Observation data Epoch J2000 Equinox J2000
- Constellation: Andromeda
- Right ascension: 23^{h} 37^{m} 38.49052^{s}
- Declination: +48° 24′ 11.7624″
- Apparent magnitude (V): 11.63 – 14.02

Characteristics
- Spectral type: F8ea-K5Vea
- Apparent magnitude (B): 12.40
- Apparent magnitude (V): 12.40
- Apparent magnitude (G): 12.76
- Apparent magnitude (J): 10.524
- Apparent magnitude (H): 9.523
- Apparent magnitude (K): 8.810
- Variable type: T Tauri star

Astrometry
- Radial velocity (R_{v}): −12.37±3.96 km/s
- Proper motion (μ): RA: −5.249 mas/yr Dec.: +8.452 mas/yr
- Parallax (π): 1.2732±0.6439 mas
- Distance: approx. 3,000 ly (approx. 800 pc)

Details
- Luminosity (bolometric): 5.5 L_{☉}
- Other designations: 2MASS J23373847+4824119, GSC 03642-00171

Database references
- SIMBAD: data

= BM Andromedae =

Star in the constellation Andromeda

BM Andromedae (BM And) is a T Tauri star in the constellation Andromeda.
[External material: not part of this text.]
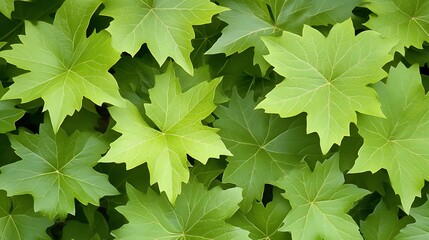 Lush green maple leaves background.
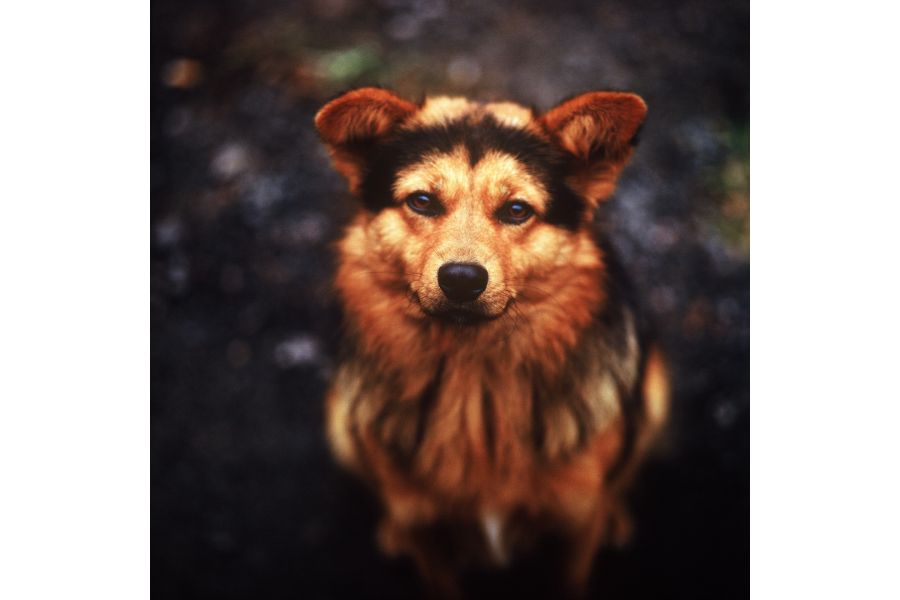 Sonnar 2.8/180 Carl Zeiss Jena DDR новый в упаковке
Its apparent visual magnitude has irregular variations between a maximum of 11.63 and a minimum of 14.02.

==Spectrum==
The exact spectral class of the star is not yet known. Different estimations gives a range F8-K5Vea, meaning that there is agreement in identifying it as a main sequence star more luminous and with stronger emission lines than the usual, a typical classification for young stars that are near the main sequence phase. The star is still accreting, and about of of its total luminosity is powered by accretion.

The color indexes vary with the star's brightness, but the spectral class of BM Andromedae does not change with the decrease of luminosity. Strong H-alpha lines in the spectra are a sign of a gaseous envelope, while an infrared excess indicates the existence of an extended dust envelope.

==System==
BM Andromedae is a young stellar object with a circumstellar cloud around it, one stage of the evolution from protostars to the main sequence phase. The cloud is made of a gaseous envelope and an extended dust envelope. The latter can reach a distance of 1 AU from the star and is strongly flattened and observed edge-on. The measurements in 2005-2006 showed a relatively compact, 0.25 AU disk.

It was also found that a correlation exists between the local interstellar magnetic field and the polarization of light emitted by BM Andromedae. Thus, the magnetic field could have played a role in the formation of the system.

==Variability==
In 1949 Balfour Whitney announced that BM Andromedae (at the time, an unnamed star) is a variable star, based on 400 photographic plates taken from 1942 through 1949. He noted that it varied rapidly and irregularly, sometimes varying by 1 magnitude over the course of a single day.

The envelope blocks a fraction of the light emitted by BM Andromedae, but it's not uniform so this fraction is variable in time. This explains both the brightness variability and the one of color indexes. It was also found that the dust envelope polarizes the light emitted by BM Andromedae; the more light is blocked, the stronger is the polarization. The color of star is dependent on brightness; it becomes redder when fainter.